Prabu lalu bangkit dari kursinya. Kalung yang indah sudah di pegangnya.
“Putriku tercinta, hari ini aku berikan kalung ini untukmu. Kalung ini pemberian orang-orang dari penjuru negeri. Mereka sangat mencintaaimu. Mereka mempersembahkan hadiah ini, karena mereka gembira melihatmu tumbuh jadi dewasa. Pakailah kalung ini, Nak,” kata Prabu Swarnalaya.
Putri Gilang Rinukmi menerima kalung ini. Lalu ia melihat kalung itu sekilas. Tiba-tiba ia berkata “Aku tak mau memakaimya. Kalung ini jelek!” seru Putri Gilang Rinukmi sambil melempar kalung itu.
Kalung yang indah itu pun jatuh berderai ke lantai. Emas dan permatanya tersebar di lantai. Hal itu sungguh mengejutkan. Tak seorangpun menyangka, Putri Gilang Rinukmi akan berbuat seperti itu. Tak seorang pun bicara.
Suasana hening. Tiba-tiba terdengar tangisan ratu. Tangisannya diikuti oleh semua orang.
Secara mengejutkan, munculah mata air dari halaman istana. Mula-mula membentuk kolam kecil. Lalu istana mulai banjir. Raja, Ratu, Putri Gilang Rinukmi dan para pegawai Istana serta para penduduk negeri lari pontang-panting untuk menyelamatkan diri dari kepungain air. Namun usaha mereka sia-sia, istana segera dipenuhi air bagai danau. Lalu danau itu makin besar dan menenggelamkan istana beserta seluruh orang di dalamnya.

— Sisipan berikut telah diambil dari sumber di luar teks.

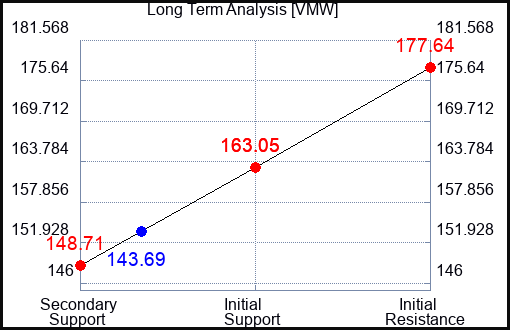 VMW Long Term Analysis for October 30 2023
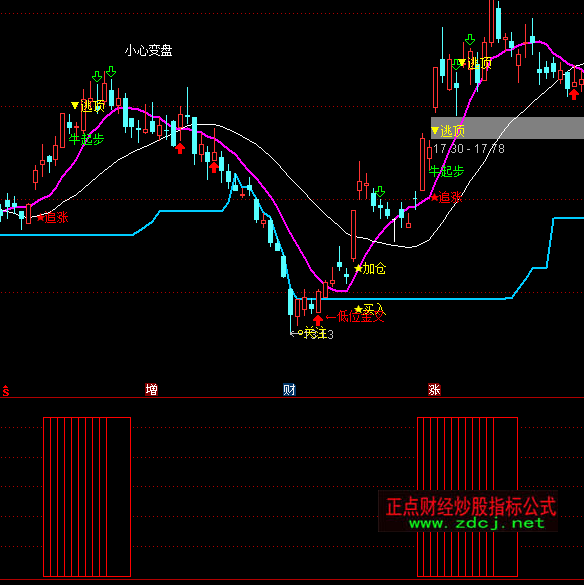 ͨ�_(d��)��ƽ�_(t��i)����(d��ng)���ָ��(bi��o)��ʽ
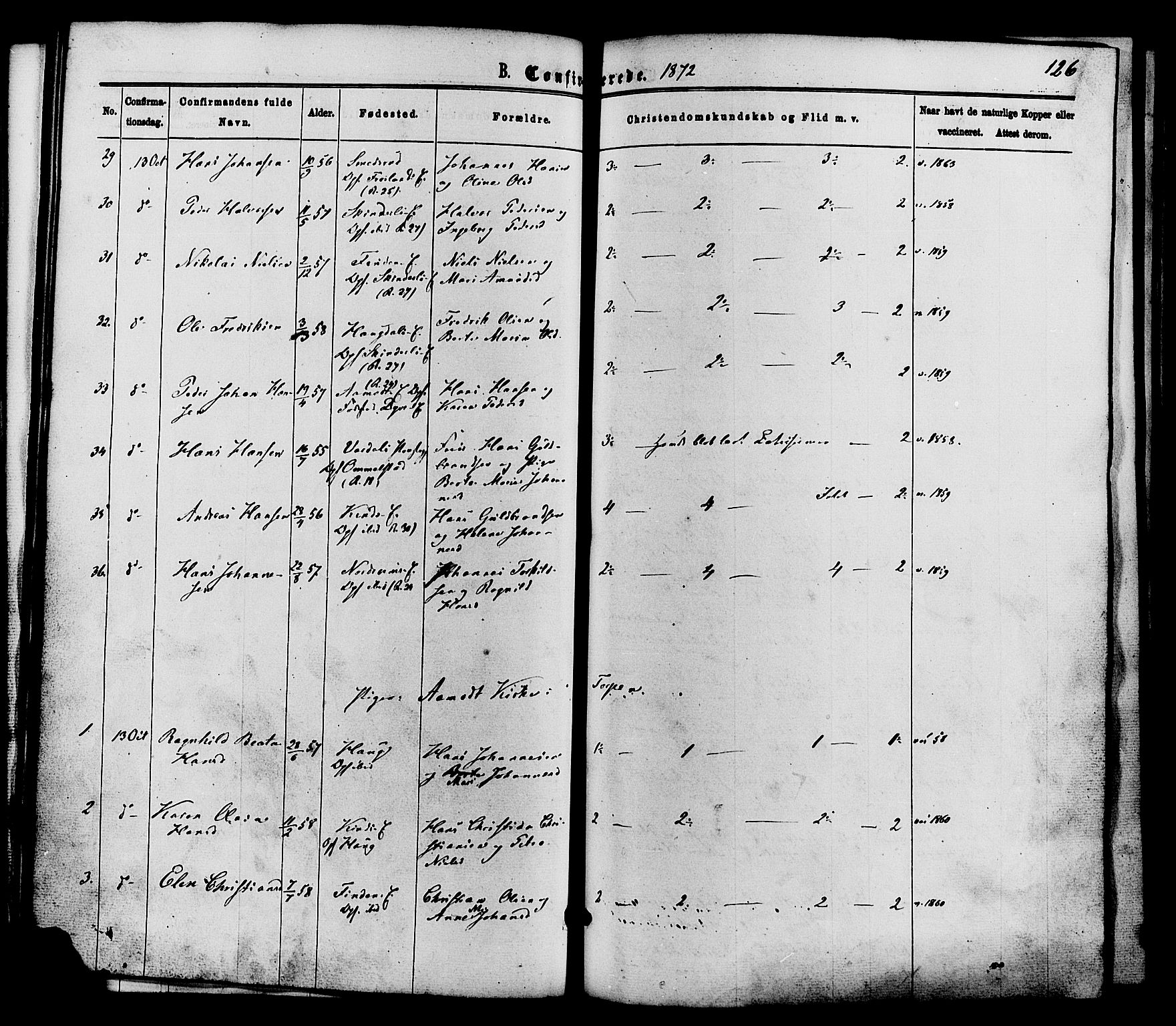 Nordre Land prestekontor, SAH/PREST-124/H/Ha/Haa/L0002: Parish register (official) no. 2, 1872-1881, p. 126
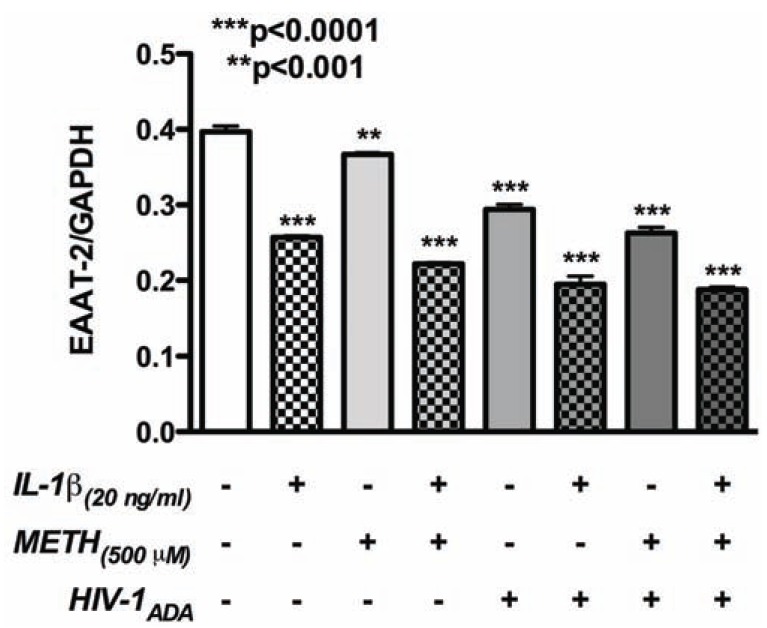 Fig. (2)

Sekarang, di hari yang cerah, kita bias melihat danau itu penuh warna yang indah dan mengagumkan. Warna itu berasal dari banyangan hutan, tanaman, bunga-bunga, dan langit disekitar telaga. Namun orang mengatakan, warna-warna itu berasal dari kalung Putri Gilang Rinukmi yang tersebar di dasar telaga. Telaga itu lalu dikenal dengan nama Telaga Warna.